BDGP analysis of exon 39 in PKD1 showed that the donor site score was 0.29 and the acceptor site score was 0.88, suggesting that this exon had a high probability of aberrant splicing. Meanwhile, bioinformatics results indicated that these four variants (c.11248C > G, c.11251C > T, c.11257C > T, and c.11257C > G) in exon 39 also significantly changed the ESE/ESS ratios. Minigene analysis demonstrated that these alterations could result in skipping of exon 39 and 40 together or exon 39 alone. Functional analysis from the protein level, the skipping of exon 39 alone generated a truncated protein (p. Ser3720Thr fs*58), while simultaneous skipping of exon 39 and 40 contributed to an in-frame deletions (codon 3720–3804), affecting the TOP domain of PC1 [31]. Both these mutated proteins prevented PC1 from performing its normal physiological function in the kidney by affecting the connection between PC1 and PC2, thus promoting the cyst formation. Surprisingly, combined with Dr Claverie-martin’s results, all the different variants at nucleotide 11257 in exon 39 could cause splicing abnormalities [18]. This may imply that the region of this nucleotide site is highly conserved, which may be highly related to the ESEs/ESSs imbalance or the RNA secondary structure variation, whereas its specific function needs further study.

Generally, the synonymous variants don’t modify the amino acid sequence and affect protein function because of the genetic codon degeneracy, so it will be listed as “benign” or “possibly benign” according to the American Medical Genetics and Genomics (ACMG) guidelines [32]. However, we discovered that the synonymous variant c.11346C > T could disrupt 5 ESEs and generate 3 ESSs by bioinformatics software. The minigene splicing assay revealed that the synonymous variant c.11346C > T and nonsense variant c.11393C > G resulted in exon 40 skipping of PKD1 with a subsequent frameshift at amino acid 3757 and premature truncation following the addition of 21 amino acid (p. Ala3757Gly fs*22).
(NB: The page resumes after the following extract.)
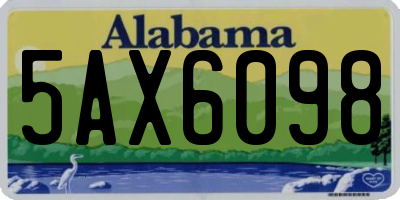 AL license plate 5AX6098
Studies have shown that the key site of the PC1/PC2 complex connection is located at amino acids PKD13049–4169 and PKD2185–723 [31]. Therefore, it may be the pathogenic mechanism of these two alterations, where the truncated PC1 affects the binding with PC2, causing the loss of function of this protein in the kidney.

The analysis of the minigene gene containing PKD2 wild-type exon 6 revealed the presence of alternative splicing, which may be associated with a very weak acceptor site (score < 0.001 by BDGP) within the exon 6 sequence, resulting in a deletion of 152 bp at the 5′ end (Fig. 3D). Remarkably, the nonsense variant c.1480G > T (p. Glu494X) generated an abnormal transcript with a 122 bp deletion of the 3′ end by the activation of a cryptic donor site (cagcctGTgagatt, score: 0.04 by BDGP) (Fig. 3E) located 54 bp upstream from the nucleotide change. In addition, the product of complete exon 6 skipping was also transcribed by the recombinant minigene of this alteration, which could be due to the elimination of ESEs within exon 6.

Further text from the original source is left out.